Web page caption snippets
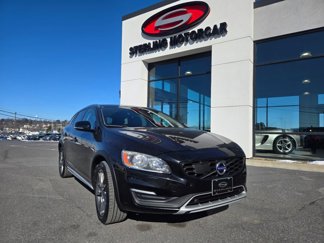Used 2018 Volvo V60 T5 Cross Country image 1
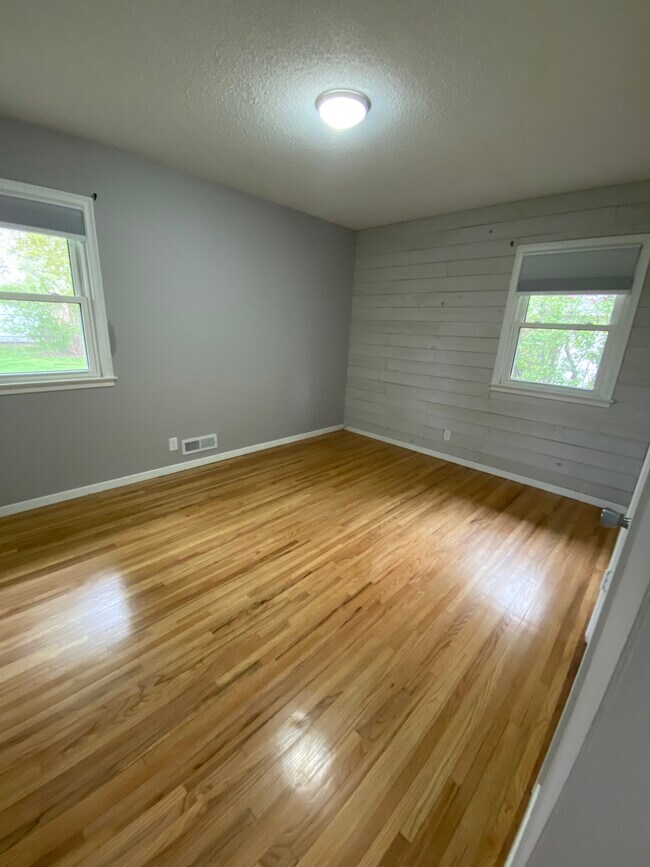 Master bedroom - 8430 Goodview Ave S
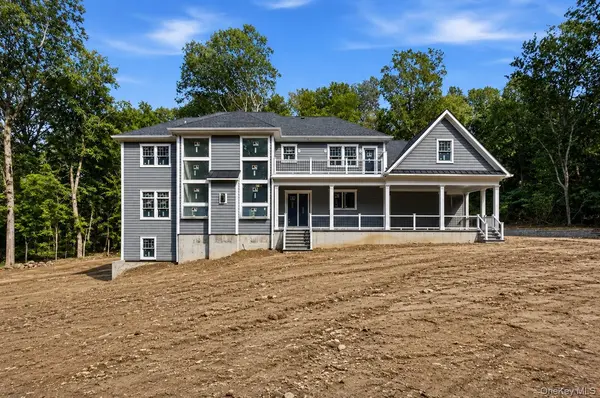 550 Moriches RD, Head Of The Harbor, NY 11780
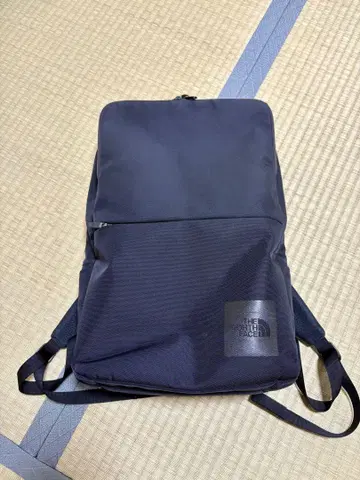 THE NORTH FACE 셔틀 데이백 슬림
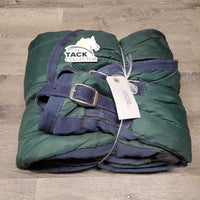 Lt Quilt Stable Blanket, 2 legs *gc, hairy, dirty, film, mnr tear, faded, stains

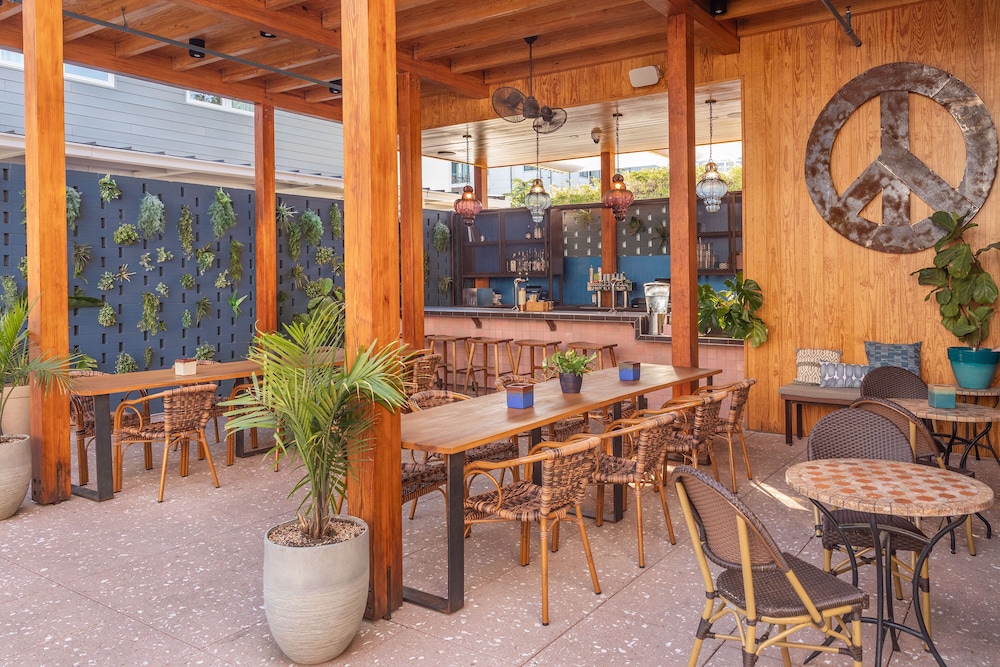 East Austin Hotel - photo 33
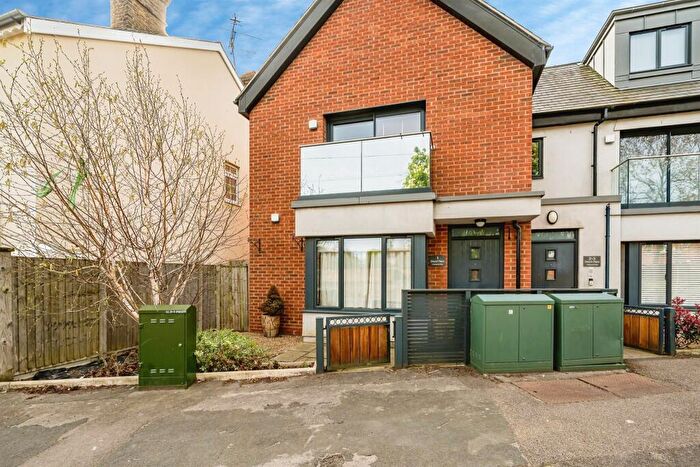 1 Bedroom Flat For Sale In Minniecroft Road, Burnham, Slough, SL1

GOAL OF THE EXERCISE: Images stay out, but the rest of the records must be retyped exactly.

EXERCISE SOLUTION:
Used 2018 Volvo V60 T5 Cross Country image 1
 Master bedroom - 8430 Goodview Ave S
 550 Moriches RD, Head Of The Harbor, NY 11780
 THE NORTH FACE 셔틀 데이백 슬림
 Lt Quilt Stable Blanket, 2 legs *gc, hairy, dirty, film, mnr tear, faded, stains

 East Austin Hotel - photo 33
 1 Bedroom Flat For Sale In Minniecroft Road, Burnham, Slough, SL1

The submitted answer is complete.